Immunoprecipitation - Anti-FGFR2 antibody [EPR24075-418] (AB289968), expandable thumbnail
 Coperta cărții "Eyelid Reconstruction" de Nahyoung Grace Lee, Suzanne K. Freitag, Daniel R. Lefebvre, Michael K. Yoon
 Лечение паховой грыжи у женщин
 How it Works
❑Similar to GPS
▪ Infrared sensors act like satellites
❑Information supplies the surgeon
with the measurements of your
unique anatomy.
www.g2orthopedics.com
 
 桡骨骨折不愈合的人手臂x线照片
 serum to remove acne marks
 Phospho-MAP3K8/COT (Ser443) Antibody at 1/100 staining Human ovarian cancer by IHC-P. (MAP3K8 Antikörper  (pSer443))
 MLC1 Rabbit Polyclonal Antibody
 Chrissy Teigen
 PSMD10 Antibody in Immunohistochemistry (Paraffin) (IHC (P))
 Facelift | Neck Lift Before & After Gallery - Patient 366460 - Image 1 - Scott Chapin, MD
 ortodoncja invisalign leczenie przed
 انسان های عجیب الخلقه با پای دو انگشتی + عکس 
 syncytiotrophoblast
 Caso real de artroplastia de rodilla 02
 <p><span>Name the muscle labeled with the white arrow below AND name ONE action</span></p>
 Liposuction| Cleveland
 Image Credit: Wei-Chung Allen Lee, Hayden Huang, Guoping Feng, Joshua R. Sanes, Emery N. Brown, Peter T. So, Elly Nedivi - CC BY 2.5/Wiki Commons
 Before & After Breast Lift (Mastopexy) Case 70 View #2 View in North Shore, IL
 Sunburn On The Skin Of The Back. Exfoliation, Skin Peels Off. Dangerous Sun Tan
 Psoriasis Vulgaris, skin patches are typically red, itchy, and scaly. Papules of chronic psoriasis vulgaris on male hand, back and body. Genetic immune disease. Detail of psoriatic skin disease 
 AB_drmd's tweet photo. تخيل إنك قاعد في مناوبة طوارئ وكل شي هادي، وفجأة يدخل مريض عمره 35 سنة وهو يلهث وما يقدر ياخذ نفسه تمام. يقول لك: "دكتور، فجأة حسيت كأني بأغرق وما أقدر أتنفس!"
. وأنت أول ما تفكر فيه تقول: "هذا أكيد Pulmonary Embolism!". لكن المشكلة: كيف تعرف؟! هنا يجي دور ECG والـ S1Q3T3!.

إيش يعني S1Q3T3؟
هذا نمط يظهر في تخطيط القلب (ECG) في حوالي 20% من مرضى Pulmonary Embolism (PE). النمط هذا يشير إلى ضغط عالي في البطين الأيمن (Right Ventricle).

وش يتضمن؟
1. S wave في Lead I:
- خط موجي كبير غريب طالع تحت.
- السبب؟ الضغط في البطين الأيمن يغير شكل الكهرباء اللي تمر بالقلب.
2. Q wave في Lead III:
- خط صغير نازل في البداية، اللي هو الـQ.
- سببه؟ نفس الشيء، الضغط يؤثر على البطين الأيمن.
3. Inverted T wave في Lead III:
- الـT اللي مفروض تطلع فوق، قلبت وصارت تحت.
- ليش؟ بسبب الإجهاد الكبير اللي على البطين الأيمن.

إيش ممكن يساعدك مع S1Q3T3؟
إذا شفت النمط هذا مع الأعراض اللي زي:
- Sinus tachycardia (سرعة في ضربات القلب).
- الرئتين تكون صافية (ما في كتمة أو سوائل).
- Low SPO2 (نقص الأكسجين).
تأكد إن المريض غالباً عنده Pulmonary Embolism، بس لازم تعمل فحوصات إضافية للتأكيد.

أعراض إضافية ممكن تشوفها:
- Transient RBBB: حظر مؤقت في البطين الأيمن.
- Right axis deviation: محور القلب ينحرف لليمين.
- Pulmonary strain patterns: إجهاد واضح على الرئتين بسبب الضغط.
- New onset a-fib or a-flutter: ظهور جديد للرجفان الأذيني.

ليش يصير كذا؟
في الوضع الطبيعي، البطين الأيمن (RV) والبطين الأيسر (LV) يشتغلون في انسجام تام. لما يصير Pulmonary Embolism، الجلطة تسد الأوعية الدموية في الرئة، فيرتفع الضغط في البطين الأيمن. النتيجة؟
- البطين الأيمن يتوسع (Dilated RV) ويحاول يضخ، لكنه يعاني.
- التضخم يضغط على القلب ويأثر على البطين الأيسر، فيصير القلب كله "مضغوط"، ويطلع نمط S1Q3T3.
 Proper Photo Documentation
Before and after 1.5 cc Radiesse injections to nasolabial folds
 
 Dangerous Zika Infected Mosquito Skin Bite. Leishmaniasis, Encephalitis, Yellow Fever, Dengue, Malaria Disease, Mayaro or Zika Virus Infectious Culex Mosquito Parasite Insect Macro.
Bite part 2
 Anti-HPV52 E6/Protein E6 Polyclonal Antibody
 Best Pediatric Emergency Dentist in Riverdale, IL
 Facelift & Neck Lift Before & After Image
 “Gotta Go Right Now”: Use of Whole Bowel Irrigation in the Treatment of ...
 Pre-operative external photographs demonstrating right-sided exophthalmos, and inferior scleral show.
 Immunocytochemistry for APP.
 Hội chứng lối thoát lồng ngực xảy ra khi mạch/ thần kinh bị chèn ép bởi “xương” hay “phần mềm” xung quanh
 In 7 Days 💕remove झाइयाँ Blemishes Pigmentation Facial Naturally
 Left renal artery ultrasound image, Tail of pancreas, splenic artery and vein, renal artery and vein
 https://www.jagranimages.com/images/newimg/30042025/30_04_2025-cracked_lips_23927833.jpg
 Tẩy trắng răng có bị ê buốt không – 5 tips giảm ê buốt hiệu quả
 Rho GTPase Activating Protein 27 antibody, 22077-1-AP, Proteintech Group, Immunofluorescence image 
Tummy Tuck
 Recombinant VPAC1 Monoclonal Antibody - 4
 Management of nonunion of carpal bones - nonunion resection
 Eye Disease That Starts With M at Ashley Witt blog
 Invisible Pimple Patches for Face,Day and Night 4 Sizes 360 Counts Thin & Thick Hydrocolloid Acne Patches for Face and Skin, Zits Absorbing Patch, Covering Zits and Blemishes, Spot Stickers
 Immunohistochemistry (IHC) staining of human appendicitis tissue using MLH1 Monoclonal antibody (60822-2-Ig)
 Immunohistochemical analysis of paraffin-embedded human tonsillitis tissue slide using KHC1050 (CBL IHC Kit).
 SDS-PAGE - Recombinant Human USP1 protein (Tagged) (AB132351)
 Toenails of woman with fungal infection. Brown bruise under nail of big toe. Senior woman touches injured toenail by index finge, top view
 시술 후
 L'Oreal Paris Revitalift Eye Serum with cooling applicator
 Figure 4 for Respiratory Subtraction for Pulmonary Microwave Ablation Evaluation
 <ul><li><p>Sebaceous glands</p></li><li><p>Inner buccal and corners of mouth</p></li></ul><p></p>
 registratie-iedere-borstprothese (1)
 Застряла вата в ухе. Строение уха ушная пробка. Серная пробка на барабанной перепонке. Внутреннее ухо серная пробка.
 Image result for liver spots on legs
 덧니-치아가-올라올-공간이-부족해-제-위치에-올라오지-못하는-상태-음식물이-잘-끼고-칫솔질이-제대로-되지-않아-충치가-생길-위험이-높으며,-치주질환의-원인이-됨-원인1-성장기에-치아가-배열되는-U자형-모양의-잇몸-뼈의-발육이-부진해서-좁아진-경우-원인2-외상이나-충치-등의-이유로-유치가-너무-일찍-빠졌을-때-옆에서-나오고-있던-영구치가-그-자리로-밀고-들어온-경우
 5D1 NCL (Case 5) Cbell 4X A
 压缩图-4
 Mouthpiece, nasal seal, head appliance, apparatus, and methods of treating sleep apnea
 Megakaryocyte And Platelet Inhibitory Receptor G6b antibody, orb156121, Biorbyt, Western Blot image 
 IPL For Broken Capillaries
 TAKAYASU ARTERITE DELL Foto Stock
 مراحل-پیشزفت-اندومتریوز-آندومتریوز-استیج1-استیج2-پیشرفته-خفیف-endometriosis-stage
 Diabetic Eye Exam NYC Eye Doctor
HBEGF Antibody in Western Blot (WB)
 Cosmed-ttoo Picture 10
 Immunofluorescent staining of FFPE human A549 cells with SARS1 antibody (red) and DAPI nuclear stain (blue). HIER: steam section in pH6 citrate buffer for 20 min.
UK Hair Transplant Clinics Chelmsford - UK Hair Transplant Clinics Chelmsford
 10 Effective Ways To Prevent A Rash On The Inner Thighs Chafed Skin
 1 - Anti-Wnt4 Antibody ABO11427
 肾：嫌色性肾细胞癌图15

========================================

## Task item:
From the records above, extract exactly and only the lines that begin at the line with "إذا شفت النمط" and stop after the line with "تأكد إن المريض".

## Result of the exercise:
إذا شفت النمط هذا مع الأعراض اللي زي:
- Sinus tachycardia (سرعة في ضربات القلب).
- الرئتين تكون صافية (ما في كتمة أو سوائل).
- Low SPO2 (نقص الأكسجين).
تأكد إن المريض غالباً عنده Pulmonary Embolism، بس لازم تعمل فحوصات إضافية للتأكيد.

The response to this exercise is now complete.